I'd just like to interject for a moment. What you're referring to as calculus, is in fact, real analysis, or as I've recently taken to calling it,

[math]\Bigg(\mathbf{R},+,\times, \leq, |\cdot|,\tau = \{ A\subset \mathbf{R}\hspace{0.1cm} | \hspace{0.1cm}\forall x \in A, \exists \epsilon > 0 ,\hspace{0.1cm} ]x-\epsilon,x+\epsilon[\hspace{0.1cm} \subset A \},\hspace{0.1cm} \displaystyle \bigcap_{\substack{\text{A} \hspace{0.1cm}\sigma-\text{algebra of}\hspace{0.1cm}\mathbf{R}\\

\tau \subset A}}A , \hspace{0.1cm}\mathscr{L}\Bigg) [/math] -analysis.
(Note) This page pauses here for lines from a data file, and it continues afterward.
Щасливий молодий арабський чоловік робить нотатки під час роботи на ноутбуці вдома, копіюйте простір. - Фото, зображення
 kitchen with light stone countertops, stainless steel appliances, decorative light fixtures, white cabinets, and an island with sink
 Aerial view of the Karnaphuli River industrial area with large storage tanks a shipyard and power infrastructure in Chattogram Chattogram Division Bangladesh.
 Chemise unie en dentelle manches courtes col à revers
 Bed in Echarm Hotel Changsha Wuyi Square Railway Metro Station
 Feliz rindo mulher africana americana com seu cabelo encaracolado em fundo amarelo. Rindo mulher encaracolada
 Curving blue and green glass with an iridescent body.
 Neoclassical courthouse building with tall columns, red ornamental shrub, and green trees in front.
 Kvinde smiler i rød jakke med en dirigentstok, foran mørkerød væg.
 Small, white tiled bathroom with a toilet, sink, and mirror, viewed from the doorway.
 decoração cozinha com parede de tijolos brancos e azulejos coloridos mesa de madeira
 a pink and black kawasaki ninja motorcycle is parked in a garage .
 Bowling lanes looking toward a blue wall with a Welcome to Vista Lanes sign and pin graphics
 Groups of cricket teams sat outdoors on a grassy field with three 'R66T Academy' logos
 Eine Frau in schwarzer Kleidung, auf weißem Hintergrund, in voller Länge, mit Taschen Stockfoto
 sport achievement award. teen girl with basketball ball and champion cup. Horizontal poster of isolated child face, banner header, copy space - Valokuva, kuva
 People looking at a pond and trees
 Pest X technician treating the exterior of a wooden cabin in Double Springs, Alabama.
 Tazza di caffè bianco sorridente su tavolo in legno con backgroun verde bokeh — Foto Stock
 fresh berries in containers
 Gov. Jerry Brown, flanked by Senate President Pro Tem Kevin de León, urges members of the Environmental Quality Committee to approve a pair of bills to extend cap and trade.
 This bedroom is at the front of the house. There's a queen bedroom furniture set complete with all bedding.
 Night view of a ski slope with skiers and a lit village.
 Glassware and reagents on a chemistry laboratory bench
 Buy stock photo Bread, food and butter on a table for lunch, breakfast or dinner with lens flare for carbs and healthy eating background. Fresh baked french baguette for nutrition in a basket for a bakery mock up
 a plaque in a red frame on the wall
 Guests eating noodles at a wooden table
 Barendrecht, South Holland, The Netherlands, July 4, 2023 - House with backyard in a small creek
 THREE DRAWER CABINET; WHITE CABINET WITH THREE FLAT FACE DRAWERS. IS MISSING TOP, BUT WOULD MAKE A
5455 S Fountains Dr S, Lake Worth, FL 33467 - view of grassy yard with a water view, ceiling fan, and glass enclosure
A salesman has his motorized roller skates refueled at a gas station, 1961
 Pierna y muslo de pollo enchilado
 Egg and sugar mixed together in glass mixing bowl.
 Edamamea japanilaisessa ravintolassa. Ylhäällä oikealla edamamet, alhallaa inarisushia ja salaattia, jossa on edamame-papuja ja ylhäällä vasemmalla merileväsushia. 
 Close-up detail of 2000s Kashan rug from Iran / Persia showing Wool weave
Calculus is not a branch of mathematics unto itself, but rather another application of a fully functioning analysis made useful by topology, measure theory and vital [math]\mathbf{R}[/math]-related properties comprising a full number field as defined by pure mathematics.

Many mathematics students and professors use applications of real analysis every day, without realizing it. Through a peculiar turn of events, the application of real analysis which is widely used today is often called "Calculus", and many of its users are not aware that it is merely a part of real analysis, developed by the Nicolas Bourbaki group.

There is really a calculus, and these people are using it, but it is just a part of the filed they use. Calculus is the computation process: the set of rules and formulae that allow the mathematical mind to derive numerical formulae from other numerical formulae. The computation process is an essential part of a branch of mathematics, but useless by itself; it can only function in the context of a complete number field.

Calculus is normally used in combination with the real number field, its topology and its measured space: the whole system is basically real numbers with analytical methods and properties added, or real analysis.

All the so called calculus problems are really problems of real analysis.